Movie theater employees in California are moving forward with a class-action lawsuit against cinema chain Cinemark, alleging that the company failed to comply with state law that requires overtime pay rates to be made explicit on pay stubs. Across the state, there are at least 843 people eligible to become part of the lawsuit, said lawyers working on the case. Their statements were based on Cinemark’s disclosures in the case about the number of incorrect statements issued to workers. On August 16, a federal judge agreed to certify the class-action lawsuit, requiring the theater company to provide the names and contact details for workers who could have received incorrect pay stubs.
Unless they choose to opt out, affected Cinemark employees will receive an eventual share of a payment that could result from a win at trial or a settlement out of court. The state law in question in the case is designed to help workers protect themselves and ensure that they are receiving proper compensation for their hours when they work overtime. While federal law does not require this level of disclosure, California’s labor code provides additional protection for workers.

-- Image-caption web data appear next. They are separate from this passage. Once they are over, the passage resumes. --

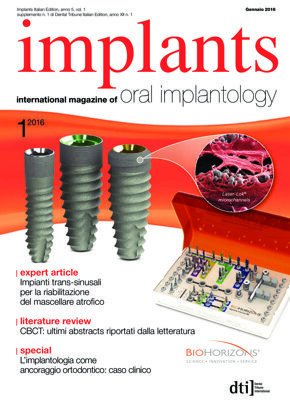 implants Italy No. 1, 2016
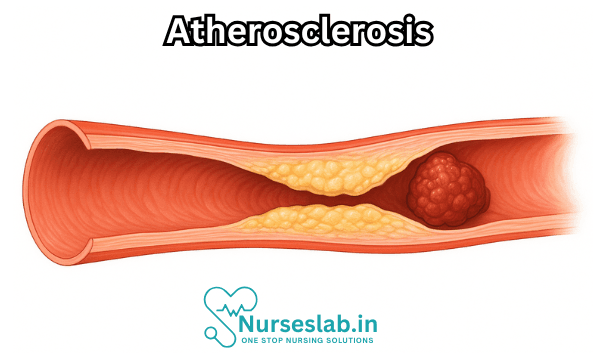Atherosclerosis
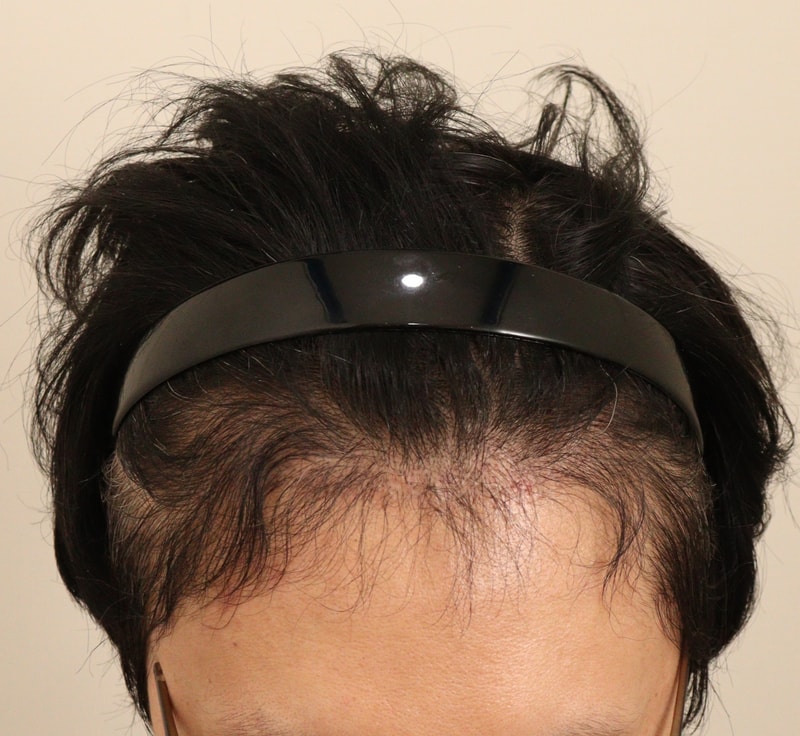 4. 수술후_6개월_1.JPG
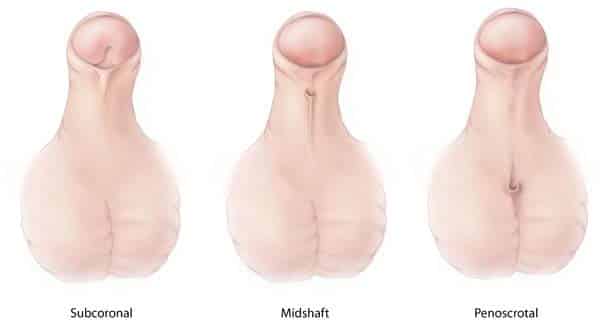 Types of hypospadias showing different locations of urethral opening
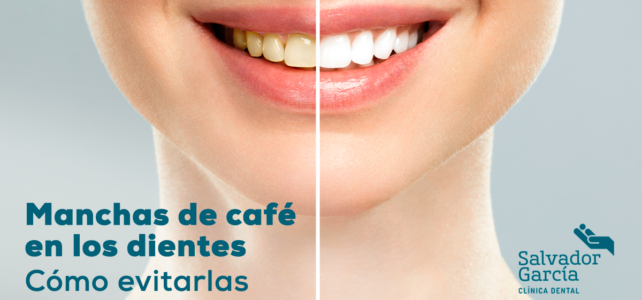 Manchas de café en los dientes: cómo evitarlas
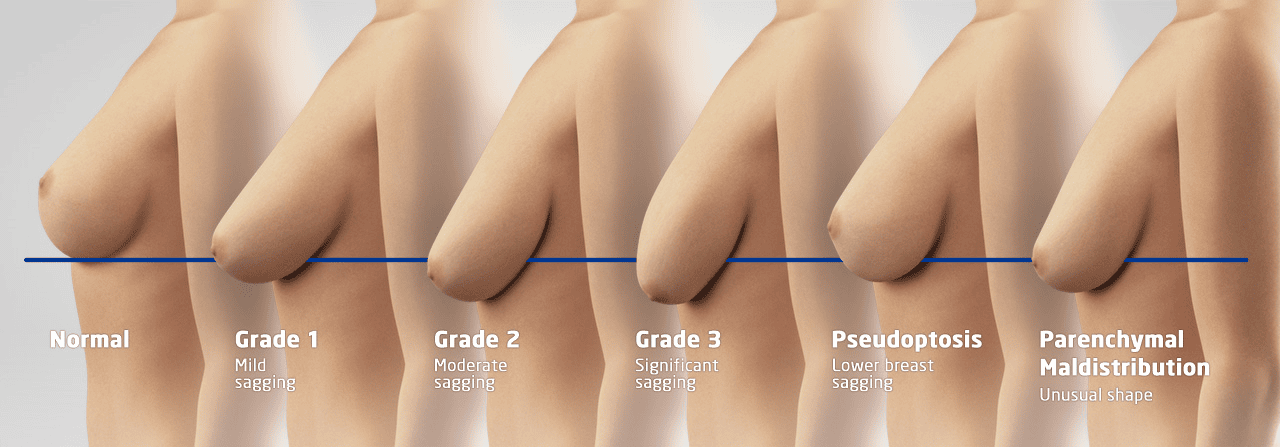 breast lift recovery stages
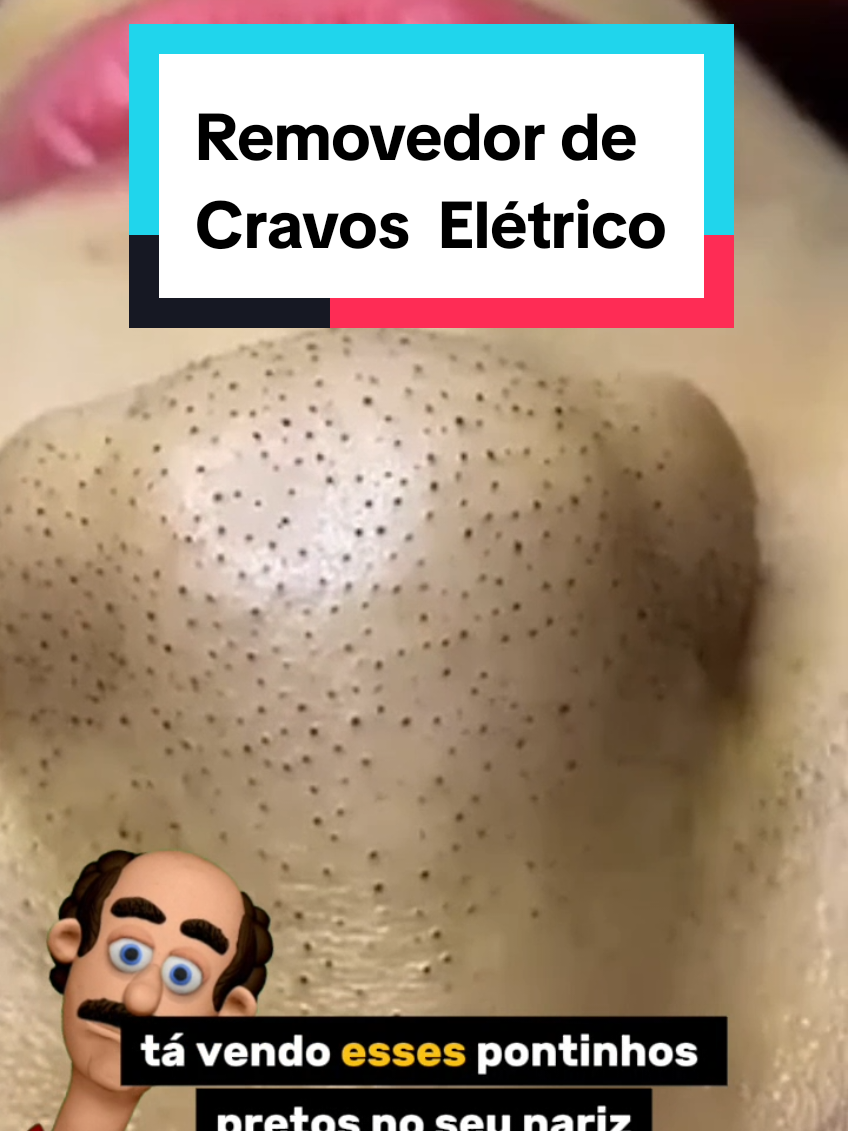 Sabe aqueles cravos e acnes na sua pele? Não precisa pagar caro em limpeza de pele. Confira esse limpador removedor de cravos elétrico e resolva seu problema, amorzinho.  #cravos #removedordecravos #limpezadepele #pele #pelesaudavel 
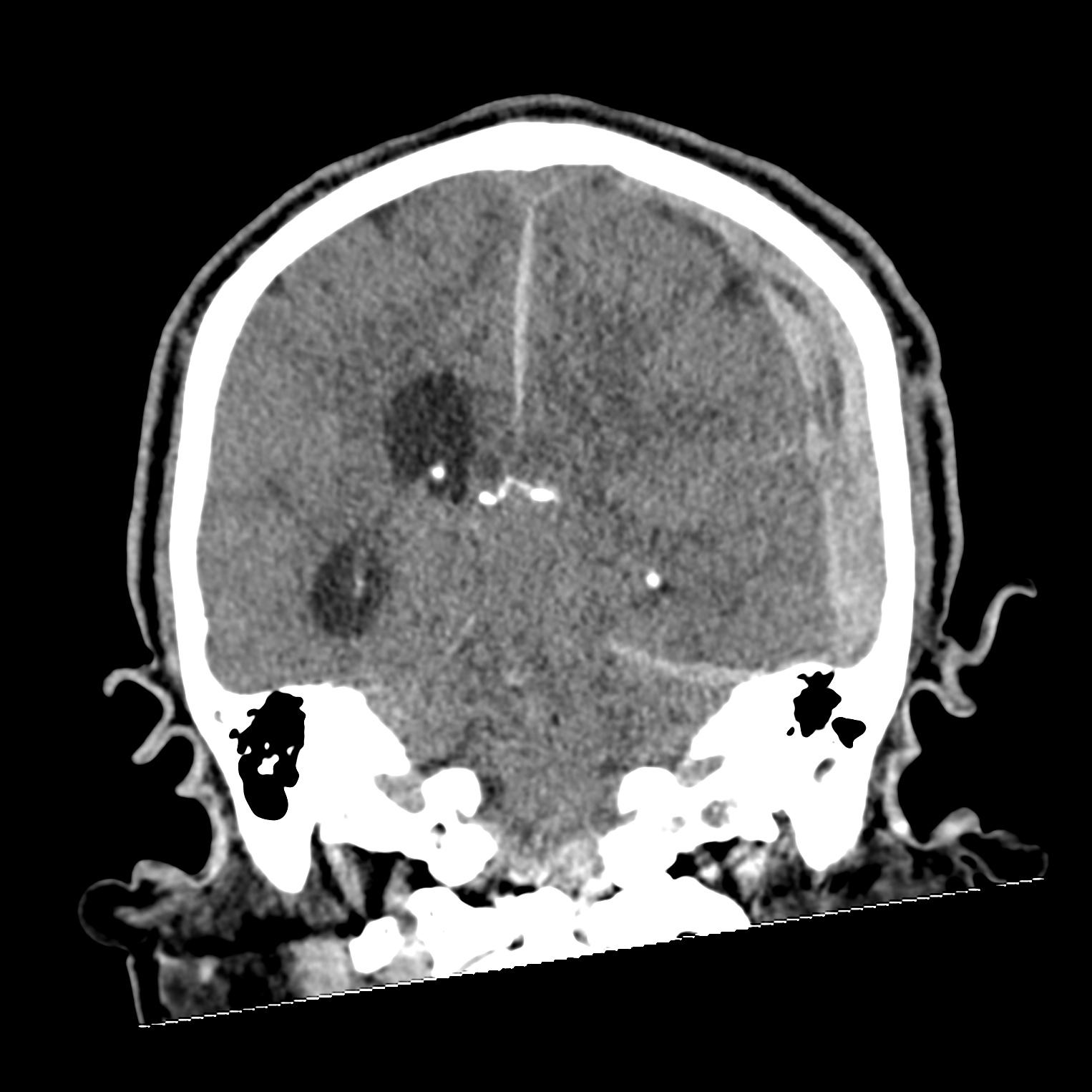 File:Subdural hematoma, uncal herniation and Duret brainstem hemorrhage ...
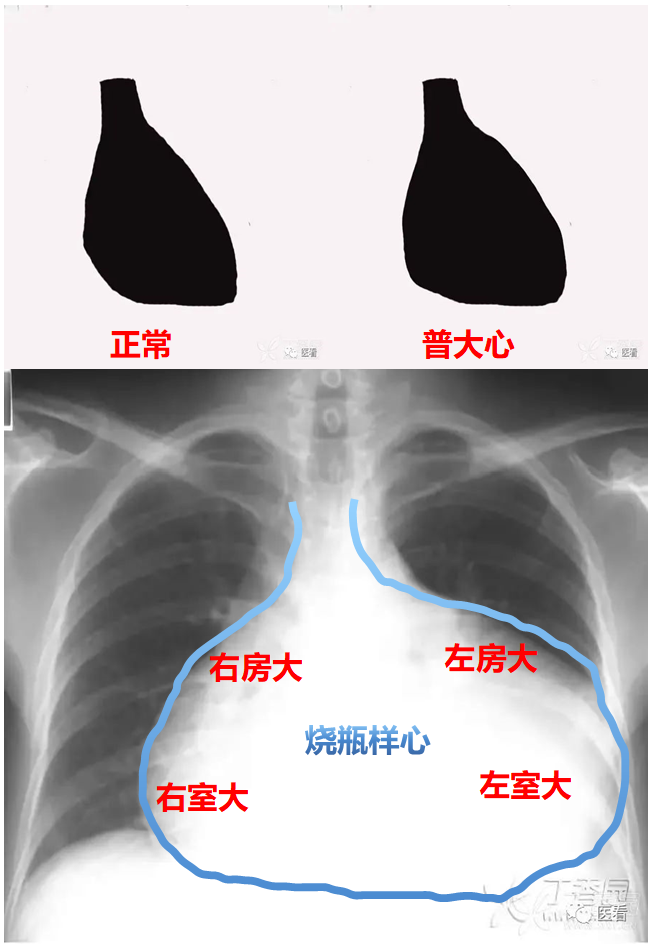 正常、异常心形 - 知乎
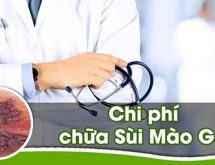 Chi phí chữa sùi mào gà bao nhiêu tiền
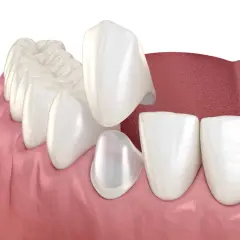 Coronas de disilicato de litio listas para ser colocadas en los dientes, mejorando la estética dental.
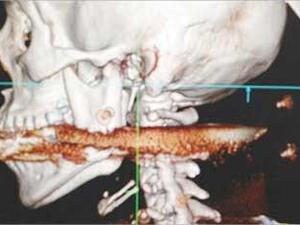 صورة باشعة اكس تظهر الرمج في العنق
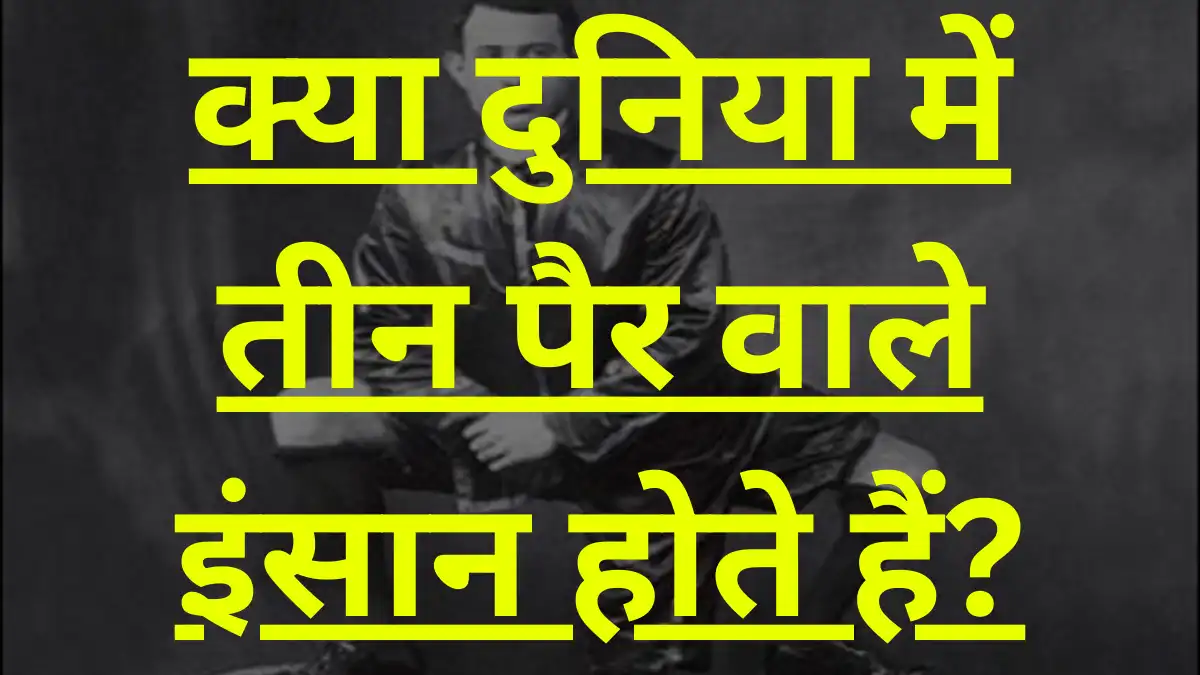 क्या दुनिया में तीन पैर वाले इंसान होते हैं?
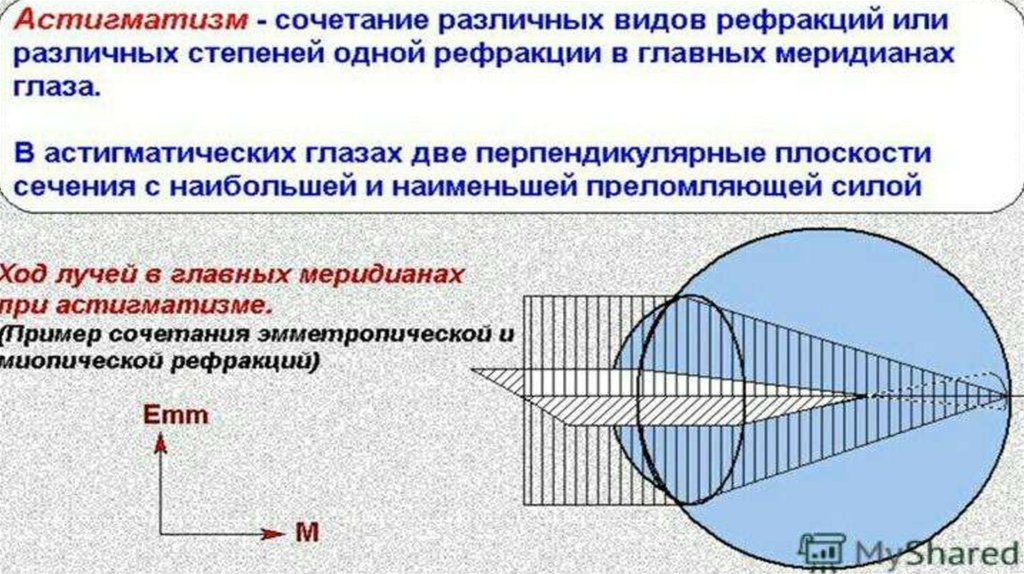 Диапазон рефракции. Ход лучей в астигматическом глазу. Главные меридианы астигматического глаза это. Главные меридианы астигматизма это. Сложный миопический астигматизм 1 степени.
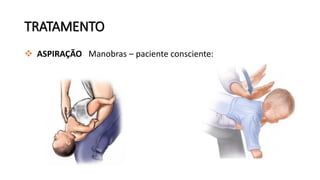TRATAMENTO
 ASPIRAÇÃO Manobras – paciente consciente:
 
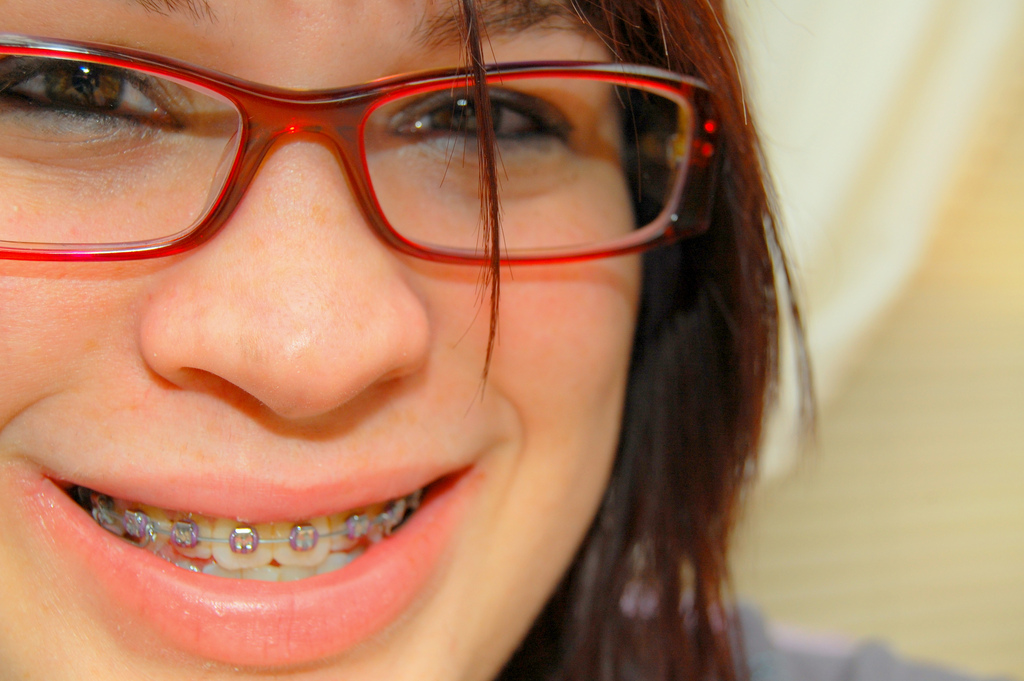 Life Hacks for Braces McDonough Orthodontics of Utah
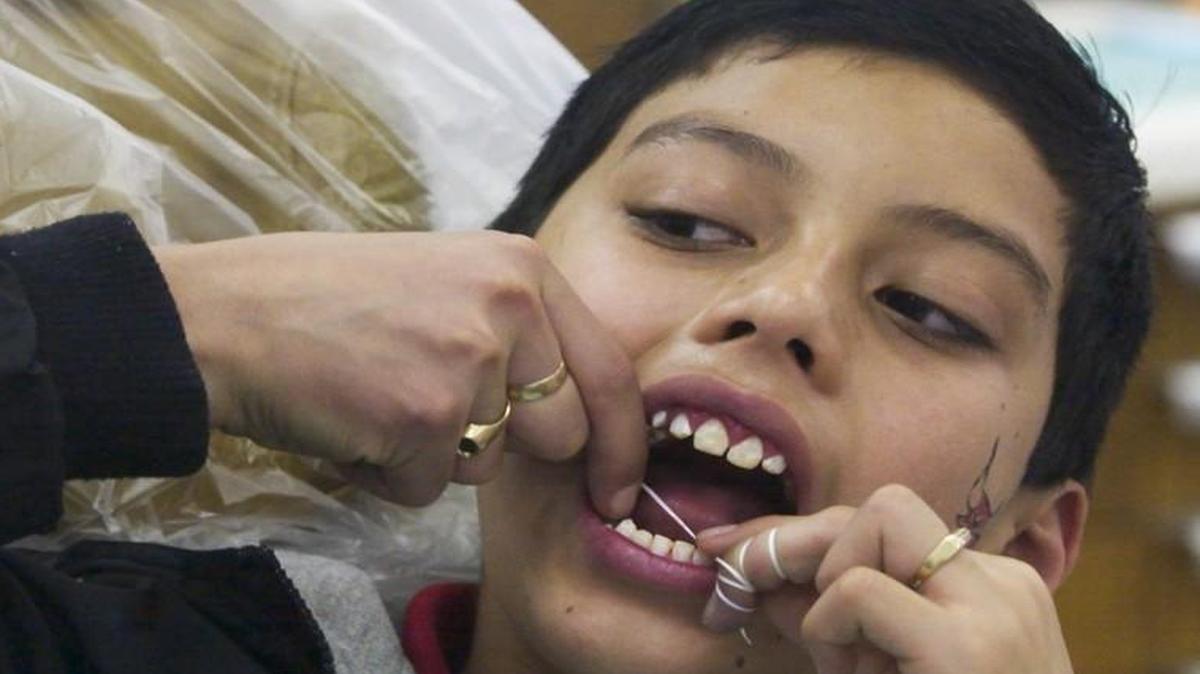 school-aged children are particularly affected by poor oral health.
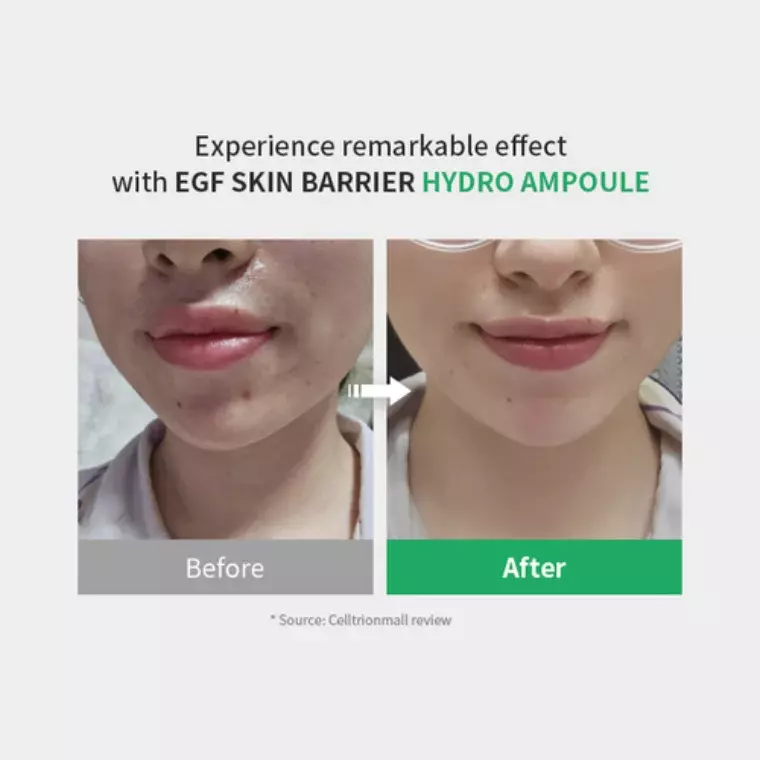 Zpiderm Egf Skin Barrier Hydro Ampoule (30ml)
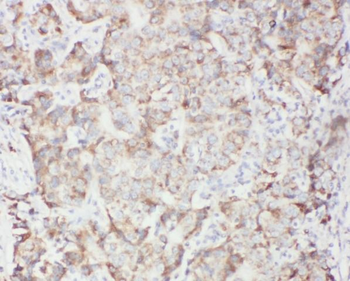 PTPN11 Rabbit Polyclonal Antibody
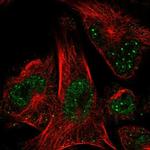 POLE2 Antibody in Immunocytochemistry (ICC/IF)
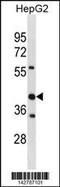 Stomatin Like 2 antibody, 60-963, ProSci, Western Blot image 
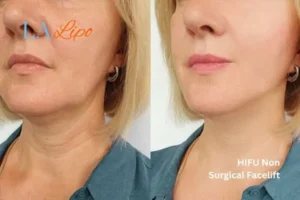 hi-fu for wrinkles Nantwich before and after results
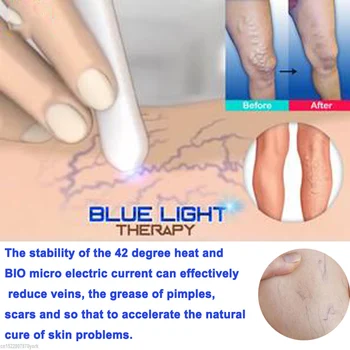 1pc Prenosni Medicinske Modra Svetloba Zdravljenje Aken Laser Pero Kože, Odstranjevanje Madežev Pero Anti Krčne Pajek Vene Radirka Zdravljenje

The law mandates a $50 penalty for each employee for the first violation of the pay stub regulations. For each additional violation, a $100 fine can be assessed for each affected employee. When the problem stretches across multiple pay periods and substantial workforces, the total sum can be significant and grow quickly.
The pay stub law in California is one way for workers to verify their income and ensure that they are properly paid for all of the hours they work. When employees face wage and hour disputes after they are not paid properly for their labor, they may want to work with an employment lawyer to seek legal action for the compensation due.